(INFORMATION SHOWN)
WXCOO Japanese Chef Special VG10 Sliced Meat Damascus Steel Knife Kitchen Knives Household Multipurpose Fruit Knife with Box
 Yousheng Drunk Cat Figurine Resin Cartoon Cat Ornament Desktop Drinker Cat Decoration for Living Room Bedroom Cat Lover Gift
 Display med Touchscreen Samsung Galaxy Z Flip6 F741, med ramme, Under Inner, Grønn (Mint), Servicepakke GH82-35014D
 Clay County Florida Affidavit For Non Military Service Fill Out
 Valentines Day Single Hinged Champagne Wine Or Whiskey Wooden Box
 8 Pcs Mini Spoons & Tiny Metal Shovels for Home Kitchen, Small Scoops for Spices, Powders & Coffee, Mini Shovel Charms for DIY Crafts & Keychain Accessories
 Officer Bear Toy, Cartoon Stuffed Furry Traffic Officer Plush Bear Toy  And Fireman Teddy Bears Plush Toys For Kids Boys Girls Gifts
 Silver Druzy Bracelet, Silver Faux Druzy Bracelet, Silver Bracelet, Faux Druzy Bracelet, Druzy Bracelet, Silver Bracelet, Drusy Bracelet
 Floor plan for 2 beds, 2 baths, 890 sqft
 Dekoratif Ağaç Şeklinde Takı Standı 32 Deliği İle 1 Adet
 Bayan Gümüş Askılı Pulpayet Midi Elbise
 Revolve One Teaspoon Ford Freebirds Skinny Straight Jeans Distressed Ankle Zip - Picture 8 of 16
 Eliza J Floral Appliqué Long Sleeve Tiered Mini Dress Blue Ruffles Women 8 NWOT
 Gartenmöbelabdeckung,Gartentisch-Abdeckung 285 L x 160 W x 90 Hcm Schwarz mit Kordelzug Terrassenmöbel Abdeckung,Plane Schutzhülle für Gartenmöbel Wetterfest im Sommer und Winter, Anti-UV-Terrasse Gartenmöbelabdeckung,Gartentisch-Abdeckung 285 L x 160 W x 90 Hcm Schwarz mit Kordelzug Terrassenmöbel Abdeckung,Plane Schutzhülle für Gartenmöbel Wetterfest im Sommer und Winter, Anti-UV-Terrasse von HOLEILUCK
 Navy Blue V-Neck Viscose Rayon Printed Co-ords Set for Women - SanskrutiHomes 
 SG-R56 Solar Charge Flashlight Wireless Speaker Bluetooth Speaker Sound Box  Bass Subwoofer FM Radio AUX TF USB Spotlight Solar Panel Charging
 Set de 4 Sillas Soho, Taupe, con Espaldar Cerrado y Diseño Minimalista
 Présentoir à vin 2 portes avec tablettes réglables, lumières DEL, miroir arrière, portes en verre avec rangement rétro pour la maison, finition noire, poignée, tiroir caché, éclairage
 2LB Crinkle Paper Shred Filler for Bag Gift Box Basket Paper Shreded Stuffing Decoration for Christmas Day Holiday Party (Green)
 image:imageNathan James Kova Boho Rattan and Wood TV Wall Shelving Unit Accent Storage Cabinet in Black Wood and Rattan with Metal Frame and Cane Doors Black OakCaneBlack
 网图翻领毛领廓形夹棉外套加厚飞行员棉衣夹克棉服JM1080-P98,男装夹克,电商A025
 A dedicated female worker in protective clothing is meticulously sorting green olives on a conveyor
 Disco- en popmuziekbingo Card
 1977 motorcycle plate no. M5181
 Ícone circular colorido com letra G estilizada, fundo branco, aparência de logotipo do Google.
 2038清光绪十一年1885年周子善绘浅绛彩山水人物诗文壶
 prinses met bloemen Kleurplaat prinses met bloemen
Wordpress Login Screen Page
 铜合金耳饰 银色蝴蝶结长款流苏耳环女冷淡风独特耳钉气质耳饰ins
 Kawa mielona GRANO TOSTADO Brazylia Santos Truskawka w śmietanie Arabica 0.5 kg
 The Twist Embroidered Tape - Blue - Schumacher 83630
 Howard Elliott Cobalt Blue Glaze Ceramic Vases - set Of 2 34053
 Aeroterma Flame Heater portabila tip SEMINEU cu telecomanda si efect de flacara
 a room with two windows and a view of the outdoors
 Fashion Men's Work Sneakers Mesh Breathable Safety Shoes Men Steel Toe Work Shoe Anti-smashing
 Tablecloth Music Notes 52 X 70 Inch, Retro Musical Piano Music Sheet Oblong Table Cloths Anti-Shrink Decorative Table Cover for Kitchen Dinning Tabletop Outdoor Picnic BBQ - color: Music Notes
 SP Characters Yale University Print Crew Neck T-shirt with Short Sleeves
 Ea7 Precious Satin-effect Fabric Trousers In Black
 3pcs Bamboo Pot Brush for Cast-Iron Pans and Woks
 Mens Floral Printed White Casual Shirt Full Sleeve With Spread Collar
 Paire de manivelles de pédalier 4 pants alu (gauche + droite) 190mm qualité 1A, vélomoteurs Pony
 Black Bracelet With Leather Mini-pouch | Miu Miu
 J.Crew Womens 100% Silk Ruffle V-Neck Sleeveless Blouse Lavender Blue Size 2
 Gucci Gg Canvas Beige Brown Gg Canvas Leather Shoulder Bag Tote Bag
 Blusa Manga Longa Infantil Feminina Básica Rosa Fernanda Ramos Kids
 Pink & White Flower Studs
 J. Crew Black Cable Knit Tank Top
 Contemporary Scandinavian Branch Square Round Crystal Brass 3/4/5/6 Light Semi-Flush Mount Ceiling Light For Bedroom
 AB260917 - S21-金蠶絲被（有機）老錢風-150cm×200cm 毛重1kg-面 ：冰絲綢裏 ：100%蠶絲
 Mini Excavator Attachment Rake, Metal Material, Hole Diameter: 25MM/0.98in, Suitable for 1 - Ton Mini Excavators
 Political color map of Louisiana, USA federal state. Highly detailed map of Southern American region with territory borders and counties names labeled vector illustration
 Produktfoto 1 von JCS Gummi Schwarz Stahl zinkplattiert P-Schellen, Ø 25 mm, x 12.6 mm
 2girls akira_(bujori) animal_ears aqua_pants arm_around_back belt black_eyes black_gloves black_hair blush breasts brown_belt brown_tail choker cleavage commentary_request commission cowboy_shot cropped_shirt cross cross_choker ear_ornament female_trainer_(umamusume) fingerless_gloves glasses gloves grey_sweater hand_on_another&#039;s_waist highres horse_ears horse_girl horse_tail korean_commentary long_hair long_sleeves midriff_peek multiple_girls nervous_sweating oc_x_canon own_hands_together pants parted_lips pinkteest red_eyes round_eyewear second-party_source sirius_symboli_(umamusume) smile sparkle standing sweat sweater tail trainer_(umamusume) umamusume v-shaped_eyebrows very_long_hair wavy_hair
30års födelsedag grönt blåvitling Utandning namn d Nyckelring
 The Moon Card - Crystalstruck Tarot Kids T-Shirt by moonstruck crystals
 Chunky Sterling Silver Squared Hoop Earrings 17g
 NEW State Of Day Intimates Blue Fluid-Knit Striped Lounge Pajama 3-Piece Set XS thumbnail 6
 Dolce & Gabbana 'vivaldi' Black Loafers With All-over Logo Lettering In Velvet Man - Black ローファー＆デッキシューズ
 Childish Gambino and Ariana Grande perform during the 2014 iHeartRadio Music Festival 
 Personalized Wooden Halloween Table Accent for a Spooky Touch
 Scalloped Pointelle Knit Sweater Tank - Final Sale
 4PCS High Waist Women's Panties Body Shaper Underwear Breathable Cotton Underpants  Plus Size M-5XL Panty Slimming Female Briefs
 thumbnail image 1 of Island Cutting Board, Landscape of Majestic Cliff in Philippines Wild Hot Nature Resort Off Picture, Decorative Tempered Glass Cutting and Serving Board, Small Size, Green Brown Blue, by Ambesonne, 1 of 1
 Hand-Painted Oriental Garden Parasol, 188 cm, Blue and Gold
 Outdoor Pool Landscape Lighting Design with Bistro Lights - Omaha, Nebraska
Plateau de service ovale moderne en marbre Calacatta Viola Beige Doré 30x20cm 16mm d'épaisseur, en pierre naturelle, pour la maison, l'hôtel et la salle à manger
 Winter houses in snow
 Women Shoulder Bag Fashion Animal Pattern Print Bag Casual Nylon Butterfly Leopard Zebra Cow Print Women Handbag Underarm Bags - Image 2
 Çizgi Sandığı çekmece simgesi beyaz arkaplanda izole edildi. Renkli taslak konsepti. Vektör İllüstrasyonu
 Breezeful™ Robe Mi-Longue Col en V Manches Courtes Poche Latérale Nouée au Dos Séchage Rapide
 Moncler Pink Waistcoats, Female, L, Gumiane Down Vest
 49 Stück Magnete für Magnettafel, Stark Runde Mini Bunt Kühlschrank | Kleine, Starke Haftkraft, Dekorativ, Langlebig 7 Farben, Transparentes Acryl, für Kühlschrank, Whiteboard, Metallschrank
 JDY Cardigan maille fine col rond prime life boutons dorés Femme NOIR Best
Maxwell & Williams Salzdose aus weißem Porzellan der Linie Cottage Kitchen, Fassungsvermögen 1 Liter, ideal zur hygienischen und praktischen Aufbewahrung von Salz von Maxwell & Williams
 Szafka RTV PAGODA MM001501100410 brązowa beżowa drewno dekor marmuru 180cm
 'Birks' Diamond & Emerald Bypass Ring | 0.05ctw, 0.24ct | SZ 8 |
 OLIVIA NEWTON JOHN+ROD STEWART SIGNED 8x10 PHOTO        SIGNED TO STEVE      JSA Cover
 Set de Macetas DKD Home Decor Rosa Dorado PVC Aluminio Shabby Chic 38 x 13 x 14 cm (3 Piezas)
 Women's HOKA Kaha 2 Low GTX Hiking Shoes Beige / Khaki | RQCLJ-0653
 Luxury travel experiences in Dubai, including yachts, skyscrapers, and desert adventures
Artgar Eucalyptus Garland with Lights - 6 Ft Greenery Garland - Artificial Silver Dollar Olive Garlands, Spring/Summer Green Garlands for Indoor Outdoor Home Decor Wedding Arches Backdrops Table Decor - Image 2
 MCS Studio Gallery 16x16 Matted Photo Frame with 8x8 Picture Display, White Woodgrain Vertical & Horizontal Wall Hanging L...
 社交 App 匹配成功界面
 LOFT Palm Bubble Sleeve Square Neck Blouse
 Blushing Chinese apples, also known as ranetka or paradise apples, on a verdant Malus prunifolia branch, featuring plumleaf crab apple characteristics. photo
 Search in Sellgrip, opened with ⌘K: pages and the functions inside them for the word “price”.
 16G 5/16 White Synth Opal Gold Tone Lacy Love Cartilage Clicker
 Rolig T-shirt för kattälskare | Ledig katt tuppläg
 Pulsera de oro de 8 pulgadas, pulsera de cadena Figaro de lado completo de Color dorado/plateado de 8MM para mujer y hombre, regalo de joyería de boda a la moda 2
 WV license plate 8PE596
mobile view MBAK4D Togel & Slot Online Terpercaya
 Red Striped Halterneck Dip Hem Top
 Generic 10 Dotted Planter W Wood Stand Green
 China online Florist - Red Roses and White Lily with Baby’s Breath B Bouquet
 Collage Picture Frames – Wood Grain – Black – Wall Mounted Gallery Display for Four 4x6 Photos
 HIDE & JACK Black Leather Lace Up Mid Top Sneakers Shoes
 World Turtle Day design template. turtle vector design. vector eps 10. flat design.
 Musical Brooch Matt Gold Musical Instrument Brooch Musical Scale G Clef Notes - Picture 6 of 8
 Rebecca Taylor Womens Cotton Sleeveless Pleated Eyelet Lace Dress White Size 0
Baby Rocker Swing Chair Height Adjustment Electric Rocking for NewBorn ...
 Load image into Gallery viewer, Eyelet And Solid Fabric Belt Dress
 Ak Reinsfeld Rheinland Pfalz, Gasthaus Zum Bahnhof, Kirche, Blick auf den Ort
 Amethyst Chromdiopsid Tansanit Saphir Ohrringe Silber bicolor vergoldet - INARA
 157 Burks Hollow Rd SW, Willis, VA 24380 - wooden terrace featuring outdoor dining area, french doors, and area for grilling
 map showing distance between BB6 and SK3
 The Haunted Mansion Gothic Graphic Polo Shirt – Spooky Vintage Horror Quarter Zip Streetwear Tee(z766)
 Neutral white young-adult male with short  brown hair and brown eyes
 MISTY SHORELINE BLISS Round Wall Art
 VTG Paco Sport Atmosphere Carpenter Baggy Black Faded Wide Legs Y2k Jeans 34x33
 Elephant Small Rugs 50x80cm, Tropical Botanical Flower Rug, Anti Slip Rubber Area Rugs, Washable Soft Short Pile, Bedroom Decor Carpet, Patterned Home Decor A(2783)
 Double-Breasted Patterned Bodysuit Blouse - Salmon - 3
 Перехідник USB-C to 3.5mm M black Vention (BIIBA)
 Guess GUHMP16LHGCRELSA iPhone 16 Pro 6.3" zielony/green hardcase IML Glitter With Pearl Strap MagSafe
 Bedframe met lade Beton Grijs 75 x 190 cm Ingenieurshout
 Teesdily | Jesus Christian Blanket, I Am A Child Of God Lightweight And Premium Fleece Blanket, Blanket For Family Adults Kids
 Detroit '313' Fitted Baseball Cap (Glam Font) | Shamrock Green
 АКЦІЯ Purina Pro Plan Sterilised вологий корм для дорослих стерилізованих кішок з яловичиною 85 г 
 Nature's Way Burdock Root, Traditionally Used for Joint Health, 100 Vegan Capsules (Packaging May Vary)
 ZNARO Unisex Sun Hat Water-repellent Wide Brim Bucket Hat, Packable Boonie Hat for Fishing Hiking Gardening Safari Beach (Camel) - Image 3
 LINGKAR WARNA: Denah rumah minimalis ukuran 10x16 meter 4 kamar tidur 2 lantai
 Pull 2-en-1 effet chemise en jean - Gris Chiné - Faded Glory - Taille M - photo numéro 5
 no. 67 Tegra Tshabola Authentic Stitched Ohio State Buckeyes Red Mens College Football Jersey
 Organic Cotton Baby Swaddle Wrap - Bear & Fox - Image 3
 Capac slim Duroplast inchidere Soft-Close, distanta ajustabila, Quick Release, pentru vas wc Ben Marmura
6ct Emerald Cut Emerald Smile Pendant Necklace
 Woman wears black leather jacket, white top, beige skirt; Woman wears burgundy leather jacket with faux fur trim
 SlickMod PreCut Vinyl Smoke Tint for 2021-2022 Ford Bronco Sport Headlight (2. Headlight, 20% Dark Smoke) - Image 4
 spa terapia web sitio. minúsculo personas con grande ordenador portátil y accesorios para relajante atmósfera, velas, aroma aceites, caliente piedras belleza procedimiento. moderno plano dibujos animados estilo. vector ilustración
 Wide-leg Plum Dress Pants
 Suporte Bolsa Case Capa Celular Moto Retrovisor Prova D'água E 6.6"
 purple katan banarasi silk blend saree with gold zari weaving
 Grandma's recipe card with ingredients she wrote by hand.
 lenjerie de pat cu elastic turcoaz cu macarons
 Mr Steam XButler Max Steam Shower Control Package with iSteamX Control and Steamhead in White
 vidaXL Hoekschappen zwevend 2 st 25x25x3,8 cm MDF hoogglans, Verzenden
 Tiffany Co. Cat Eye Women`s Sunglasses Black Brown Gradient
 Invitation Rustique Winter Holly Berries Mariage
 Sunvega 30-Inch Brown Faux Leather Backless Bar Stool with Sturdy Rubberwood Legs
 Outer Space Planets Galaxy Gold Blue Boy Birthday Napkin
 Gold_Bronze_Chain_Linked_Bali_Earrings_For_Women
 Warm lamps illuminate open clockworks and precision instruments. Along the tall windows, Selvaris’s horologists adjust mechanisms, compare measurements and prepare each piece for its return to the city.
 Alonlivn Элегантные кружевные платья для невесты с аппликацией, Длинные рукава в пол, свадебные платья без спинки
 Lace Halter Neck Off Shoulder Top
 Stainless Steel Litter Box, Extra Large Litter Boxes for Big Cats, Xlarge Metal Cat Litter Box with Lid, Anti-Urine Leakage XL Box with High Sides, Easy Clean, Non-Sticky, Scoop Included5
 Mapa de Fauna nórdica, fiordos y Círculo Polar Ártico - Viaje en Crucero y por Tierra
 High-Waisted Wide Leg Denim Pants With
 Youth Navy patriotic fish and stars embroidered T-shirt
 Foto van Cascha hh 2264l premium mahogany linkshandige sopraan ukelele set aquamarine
(End INFORMATION SHOWN)
PROBLEM DESCRIPTION: Looking at the entries above, can you reproduce exactly the lines from the one that holds "JDY Cardigan maille" through the one that holds "World Turtle Day", and only those?

ANSWER TO THE PROBLEM:
 JDY Cardigan maille fine col rond prime life boutons dorés Femme NOIR Best
Maxwell & Williams Salzdose aus weißem Porzellan der Linie Cottage Kitchen, Fassungsvermögen 1 Liter, ideal zur hygienischen und praktischen Aufbewahrung von Salz von Maxwell & Williams
 Szafka RTV PAGODA MM001501100410 brązowa beżowa drewno dekor marmuru 180cm
 'Birks' Diamond & Emerald Bypass Ring | 0.05ctw, 0.24ct | SZ 8 |
 OLIVIA NEWTON JOHN+ROD STEWART SIGNED 8x10 PHOTO        SIGNED TO STEVE      JSA Cover
 Set de Macetas DKD Home Decor Rosa Dorado PVC Aluminio Shabby Chic 38 x 13 x 14 cm (3 Piezas)
 Women's HOKA Kaha 2 Low GTX Hiking Shoes Beige / Khaki | RQCLJ-0653
 Luxury travel experiences in Dubai, including yachts, skyscrapers, and desert adventures
Artgar Eucalyptus Garland with Lights - 6 Ft Greenery Garland - Artificial Silver Dollar Olive Garlands, Spring/Summer Green Garlands for Indoor Outdoor Home Decor Wedding Arches Backdrops Table Decor - Image 2
 MCS Studio Gallery 16x16 Matted Photo Frame with 8x8 Picture Display, White Woodgrain Vertical & Horizontal Wall Hanging L...
 社交 App 匹配成功界面
 LOFT Palm Bubble Sleeve Square Neck Blouse
 Blushing Chinese apples, also known as ranetka or paradise apples, on a verdant Malus prunifolia branch, featuring plumleaf crab apple characteristics. photo
 Search in Sellgrip, opened with ⌘K: pages and the functions inside them for the word “price”.
 16G 5/16 White Synth Opal Gold Tone Lacy Love Cartilage Clicker
 Rolig T-shirt för kattälskare | Ledig katt tuppläg
 Pulsera de oro de 8 pulgadas, pulsera de cadena Figaro de lado completo de Color dorado/plateado de 8MM para mujer y hombre, regalo de joyería de boda a la moda 2
 WV license plate 8PE596
mobile view MBAK4D Togel & Slot Online Terpercaya
 Red Striped Halterneck Dip Hem Top
 Generic 10 Dotted Planter W Wood Stand Green
 China online Florist - Red Roses and White Lily with Baby’s Breath B Bouquet
 Collage Picture Frames – Wood Grain – Black – Wall Mounted Gallery Display for Four 4x6 Photos
 HIDE & JACK Black Leather Lace Up Mid Top Sneakers Shoes
 World Turtle Day design template. turtle vector design. vector eps 10. flat design.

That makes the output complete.